Иван одним большим глотком проглотил горючее пойло. Непривычный к подобным напиткам он закашлялся, лицо покраснело, а из глаз брызнули слезы.
— Огурчиком соленым закуси! — спокойно выдувший свою пайку Ломонос, сунул в лицо богатырю пупырчатый хрустящий огурец.

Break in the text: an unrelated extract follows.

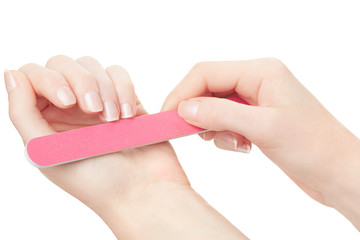 Woman hands manicure with nail file on white, clipping path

— Жуй-жуй! — одобрительно кивнул я. — И слушай: ты в Землях Хаоса, внучок! — произнес я, хотя, это еще большой вопрос, кто кому внучком приходится? — Я не знаю, как ты сюда добрался, но уж поверь мне — тебе очень и очень повезло! Всякому сюда дорога заказана, а вот ты сумел! Возьми себя в руки, и сделай последний и решительный шаг! И ты найдешь свою любовь! Просто не можешь не найти! Ведь настоящая любовь сильнее любого Колдовства!
[1] Чудь (чудь белогла́зая, чудаки́) — древний мифический народ, персонажи русского и финно-угорского (в частности коми и саамского) фольклора. Схожие легенды известны у русских Урала о дивьих людях, у сибирских татар и манси — о сыбырах/сыпырах, у алтайцев — о бурутах, у ненцев — о сихиртя. По преданию однооментно исчезли — ушли под землю.